The House and Senate have passed separate appropriations bills for the department, but it was unclear, Congressional aides said, whether the chambers could reconcile their differences in a conference committee before the end of the fiscal year.
If an agreement cannot be reached on the regular funding measure, funds for the department and other agencies for which regular spending bills have not been passed would be provided under a stopgap spending measure known as a continuing resolution.
The House version of the continuing resolution would set the Education Department’s fiscal 1985 spending at $17.8 billion--$17.2 billion as passed in the regular fiscal 1985 appropriation, plus $600 million for impact aid. The Senate continued work late last week on its version of the measure, which would provide federal education programs with about $17.6 billion.
The Senate approved a regular appropriations bill for the department that would also provide it with about $17.6 billion in fiscal 1985. The House version of the bill set department funding at $17.2 billion.
The Reagan Administration requested $15.5 billion for the department in fiscal 1985, an increase of about $100 million from the fiscal 1984 appropriation. (See Education Week, Aug. 22, 1984.)
Senate Version
Unlike the House spending measures, the Senate bills provide $200 million for the new program to improve the quality of mathematics and science instruction. They also provide $75 million for magnet schools in communities undergoing desegregation and $1 million for reconstruction of a school in Matador, Texas, which was destroyed last spring by a tornado and does not have adequate insurance to rebuild, according to the amendment’s sponsor, Senator Lloyd Bentsen, Democrat of Texas.
Senate Prayer Amendment
The Senate approved the fiscal 1985 appropriations bill for the department by a 71-to-20 vote last Tuesday after approving an amendment to it that would modify current law regarding prayer in public schools.
The chamber approved by unanimous consent a measure offered by Senator Jesse A. Helms, Republican of North Carolina, that would bar funds appropriated in the bill, HR 6028, from being “used to prevent individual voluntary prayer and meditation in public schools.”

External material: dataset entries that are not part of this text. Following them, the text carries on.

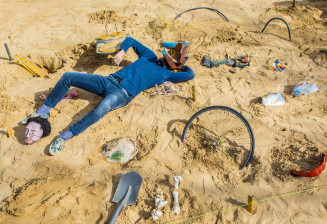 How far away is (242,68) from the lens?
4816 millimetres

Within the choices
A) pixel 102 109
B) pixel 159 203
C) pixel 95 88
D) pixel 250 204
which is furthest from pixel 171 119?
pixel 250 204

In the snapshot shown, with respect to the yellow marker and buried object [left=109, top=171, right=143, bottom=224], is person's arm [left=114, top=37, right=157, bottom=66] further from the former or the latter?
buried object [left=109, top=171, right=143, bottom=224]

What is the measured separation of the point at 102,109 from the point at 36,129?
2.88ft

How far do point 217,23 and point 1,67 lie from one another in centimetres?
427

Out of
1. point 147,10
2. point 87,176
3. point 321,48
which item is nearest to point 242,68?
point 321,48

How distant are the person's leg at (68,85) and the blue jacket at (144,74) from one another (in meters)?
0.31

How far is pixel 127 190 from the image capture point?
2.98 m

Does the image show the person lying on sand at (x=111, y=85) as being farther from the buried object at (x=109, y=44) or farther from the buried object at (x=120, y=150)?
the buried object at (x=120, y=150)

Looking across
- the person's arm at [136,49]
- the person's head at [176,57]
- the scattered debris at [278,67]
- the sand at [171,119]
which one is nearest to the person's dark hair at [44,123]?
the sand at [171,119]

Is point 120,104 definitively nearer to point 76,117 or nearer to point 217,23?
point 76,117

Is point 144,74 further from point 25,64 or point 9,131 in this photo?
point 25,64

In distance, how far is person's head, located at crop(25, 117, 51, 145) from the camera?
140 inches

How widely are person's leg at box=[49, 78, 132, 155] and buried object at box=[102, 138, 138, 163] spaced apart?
1.31 ft

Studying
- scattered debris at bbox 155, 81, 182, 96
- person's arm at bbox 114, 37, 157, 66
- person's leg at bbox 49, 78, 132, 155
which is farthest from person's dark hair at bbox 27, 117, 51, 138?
scattered debris at bbox 155, 81, 182, 96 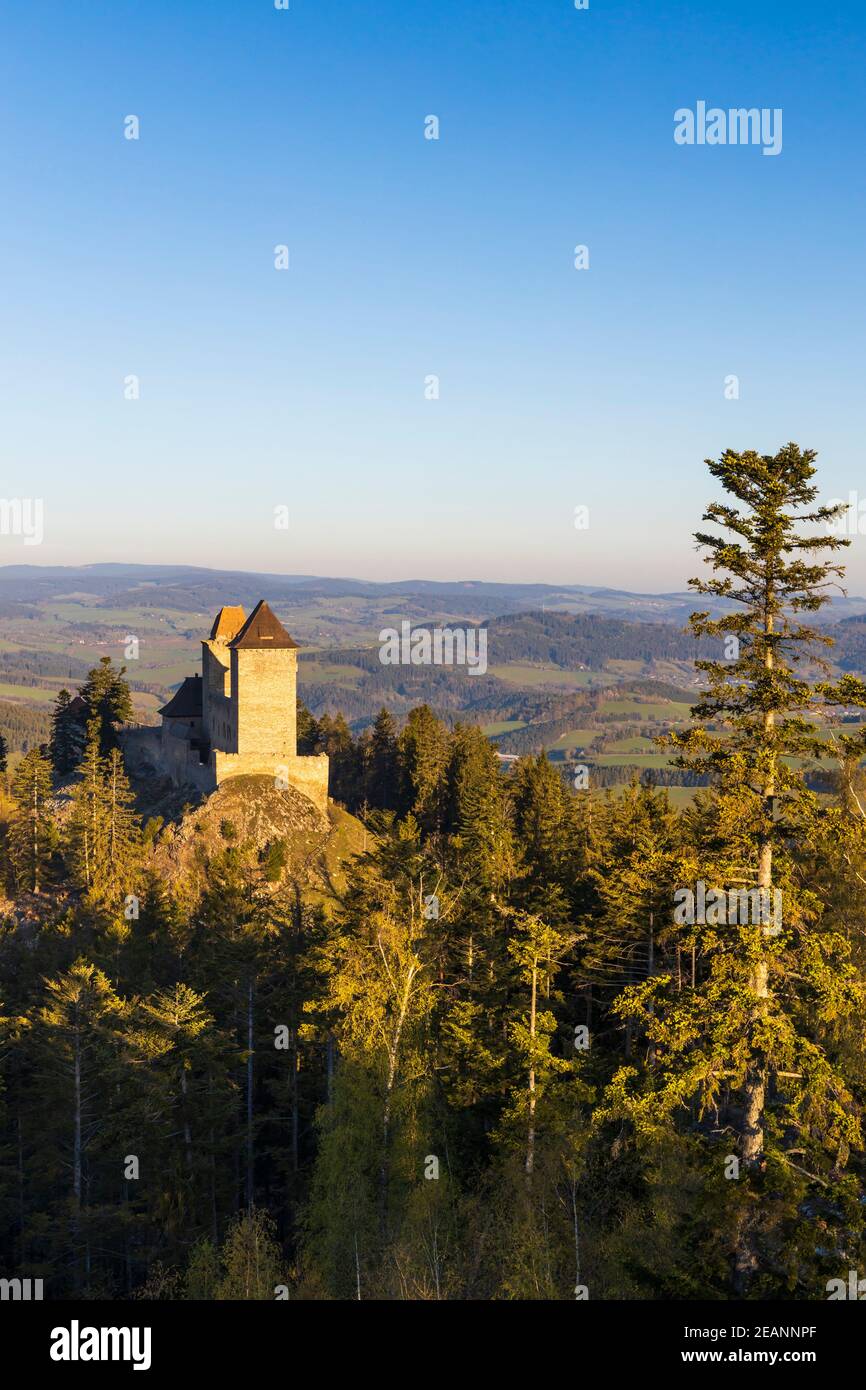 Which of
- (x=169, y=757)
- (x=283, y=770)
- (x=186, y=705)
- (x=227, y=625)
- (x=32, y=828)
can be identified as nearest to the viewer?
(x=32, y=828)

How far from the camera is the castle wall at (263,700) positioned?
204 ft

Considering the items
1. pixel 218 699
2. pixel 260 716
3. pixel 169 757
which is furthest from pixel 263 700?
pixel 169 757

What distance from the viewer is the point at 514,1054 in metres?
25.2

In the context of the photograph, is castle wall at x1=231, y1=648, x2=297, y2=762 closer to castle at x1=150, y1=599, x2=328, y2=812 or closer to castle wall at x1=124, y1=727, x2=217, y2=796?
castle at x1=150, y1=599, x2=328, y2=812

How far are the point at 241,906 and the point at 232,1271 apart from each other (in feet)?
55.9

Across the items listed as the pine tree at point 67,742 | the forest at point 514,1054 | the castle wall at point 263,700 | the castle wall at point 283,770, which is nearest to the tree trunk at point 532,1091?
the forest at point 514,1054

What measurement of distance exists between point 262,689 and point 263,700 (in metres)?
0.68

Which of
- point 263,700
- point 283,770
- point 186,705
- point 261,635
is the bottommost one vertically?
point 283,770

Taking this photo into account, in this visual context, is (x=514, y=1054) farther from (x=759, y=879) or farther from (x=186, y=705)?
(x=186, y=705)

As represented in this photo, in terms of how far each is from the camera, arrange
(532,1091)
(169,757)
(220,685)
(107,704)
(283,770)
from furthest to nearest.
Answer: (107,704) < (169,757) < (220,685) < (283,770) < (532,1091)

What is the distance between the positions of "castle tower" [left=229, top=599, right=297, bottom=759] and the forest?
16.7 m

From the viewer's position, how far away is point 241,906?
39.5 metres

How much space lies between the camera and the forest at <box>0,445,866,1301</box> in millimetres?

Senator Helms had originally proposed the same school-prayer language as in the House-passed appropriations bill, which would protect “the implementation of programs of voluntary prayer,” but compromised rather than face a floor fight. The House-passed language has been written into education appropriations bills since fiscal 1981, but was removed from the Senate version by that chamber’s appropriations committee.
Funding Levels
The Senate version of the regular appropriations bill provides about $3.7 billion for the Chapter 1 program for disadvantaged students for fiscal 1985, compared with $3.5 billion during the fiscal year that just ended. It provides about $532 million for Chapter 2 block grants, $53 million more than the fiscal 1984 level but considerably less than the $679 million set by the House. Funds for handicapped students are set at $1.3 million, about the same as the House-passed level and $80,000 more than current appropriations.
Senators also approved $831 million for vocational and adult education, the same as last year’s figure.
The Senate bill also establishes a $10-million fund for competitive grants to public schools that are implementing recommendations of the National Commission on Excellence in Education. The new program was authorized in the mathematics-and-science improvement bill passed by the Congress this summer and signed into law by President Reagan in August.
Under an amendment to the Senate spending measure that was offered by Senator Thomas F. Eagle-ton, Democrat of Missouri, local education agencies cannot receive more than $5 million each per fiscal year under the magnet-school-assistance section of the mathematics-and-science bill.
House Measure
The House, meanwhile, defeated an attempt to cut spending levels for education and other domestic programs in its version of the continuing resolution.
Representative Bill Frenzel, Republican of Minnesota, who offered the austerity measure, said that discretionary spending accounted for about $25.2 billion in the $96-billion bill and that his amendment would cut $504 million from the total. The amendment was defeated, 122-284.